Nastroje na rynkach akcji wciąż dopisują, a nowe rekordy w USA nie pozostawiają w tej chwili niedźwiedziom wielkiego pola manewru. Wypada spoglądać w górę. Nie jest to w żadnym razie przejawem hurraoptymizmu, ale po prostu realizacją założenia, że zadaniem tradera jest podążaniem za stroną w danej chwili wiodącą. Obecnie przewagę ma popyt, a zatem więcej przemawia za tym, by założyć, że ta przewaga zostanie utrzymana. Naturalnie nie będzie ona trwała wiecznie, ale póki nie widać sygnałów słabości byków, należy uznać, że rynek pozostaje pod ich władaniem.
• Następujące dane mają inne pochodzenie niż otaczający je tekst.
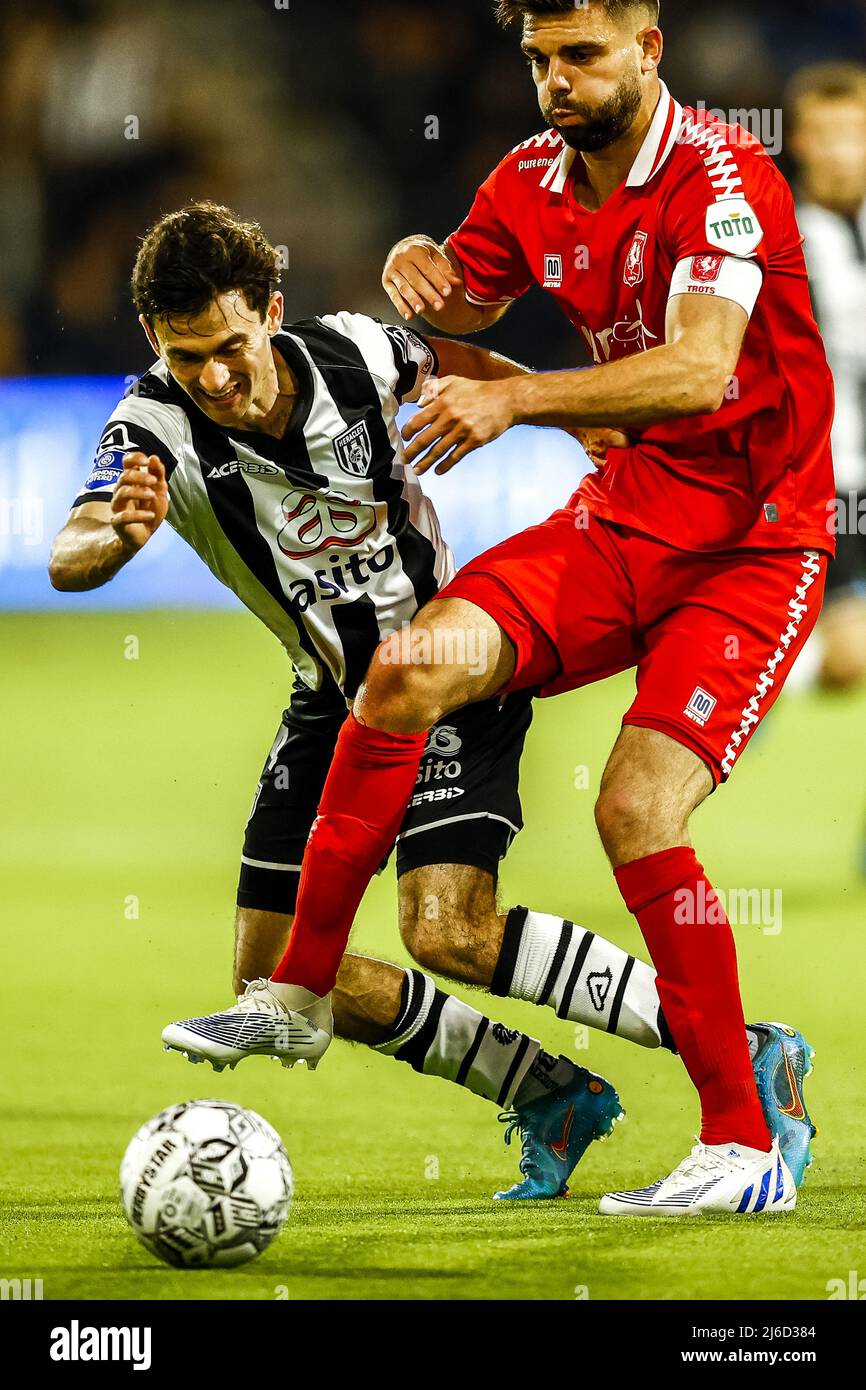 ALMELO - Luca de la Torre di Heracles Almelo, Robin Propper del FC Twente (lr) durante la partita olandese Eredivie tra Heracles Almelo e il FC Twente allo stadio Erve Asito il 30 aprile 2022 ad Almelo, Olanda. ANP VINCENT JANNINK Foto Stock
Indeksy amerykańskie zaliczą nowe rekordy, a japoński indeks Nikkei 225 wyznaczył nowe prawie 30-letnie maksimum. W Tokio indeks znalazł się na poziomie widzianym ostatnio w kwietniu 1991 r. Warto pamiętać, że w tym wypadku rekord padł 29 grudnia 1989 r., gdy rynek osiągnął 38915,87. Można śmiało przyjąć, że nowe 30-letnie maksimum to wydarzenie porównywalne z rekordami na Wall Street.
Dobre nastroje pomagają także indeksom w Europie. Tu także ceny rosną, a kontrakt CFD na niemiecki DAX zalicza nowe historyczne rekordy. W jego przypadku nadal obowiązuje założenie, że dopiero spadek pod poziom 13000 pkt. byłby pierwszym sygnałem niepokojącym. Doszłoby wtedy do negacji ostatniego ruchu wzrostowego.
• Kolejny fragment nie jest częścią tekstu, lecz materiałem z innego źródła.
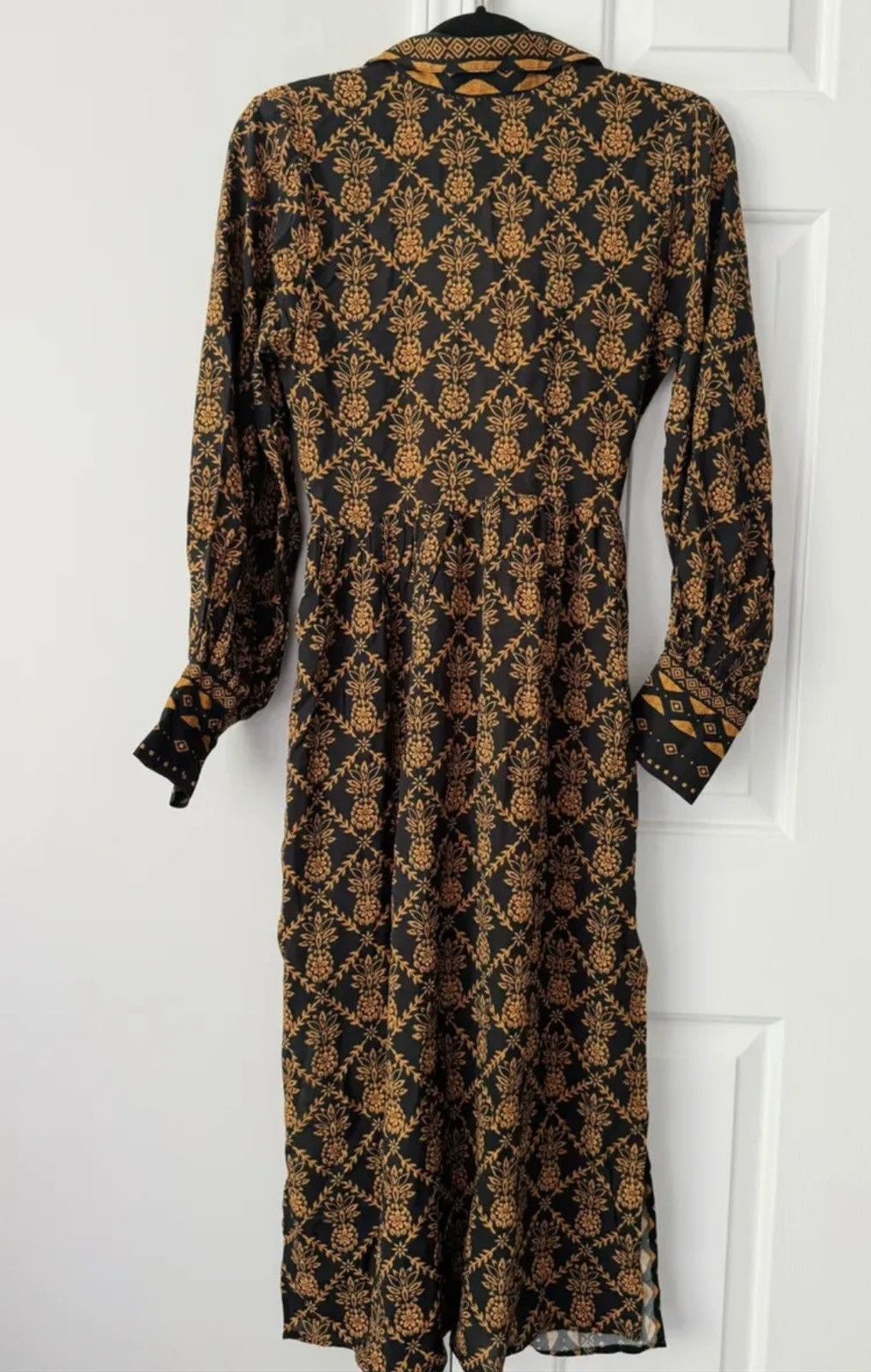 Farm Rio Farm Rio Printed V-Neck Tie Front Midi Dress, Size S Size S / US 4 / IT 40 - 6 Thumbnail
Dziś w kalendarzu makro mamy praktycznie tylko jedną istotną publikację, choć zapewne bez wpływu na wyceny na rynkach. O 15:00 pojawi się informacja o zmianie cen amerykańskich nieruchomości. Ostatnio tamtejszy rynek wydaje się coraz bardziej rozgrzewać. Duży popyt przy niskiej wciąż podaży. W rezultacie ceny się podnoszą, a tempo wzrostu przyspiesza. Obecnie szacuje się, że w październiku wzrost wyniósł 6.9 proc. (na bazie danych z 20 metropolii). Problemy w tym segmencie byłyby zwiastunem problemów w gospodarce. Na razie rynek nieruchomości ich nie zwiastuje.
Wzrosty na rynkach akcji nie przekładają się dziś na poprawę wyceny ropy. Ropa w wersji WTI utrzymuje swoją wycenę w pobliżu 48 dolarów za baryłkę, a więc nieco poniżej wczorajszego szczytu przy 49 dolarach. Złoto także nie poddaje się mocniejszym zmianom. Cena uncji waha się w pobliżu 1875 dolarów, a więc nadal nad wsparciem na 1860. Na rynku walutowym nieznacznie słabnie USD, co podnosi EURUSD do 1.2250 i pomaga w odbiciu GBPUSD do 1.3500. AUDUSD podtrzymuje wysokie poziomy przy 0.7600. USDJPY próbuje wyjść nad 103.6, ale nadal bez skutku. USDCAD jest tuż nad 1.2800.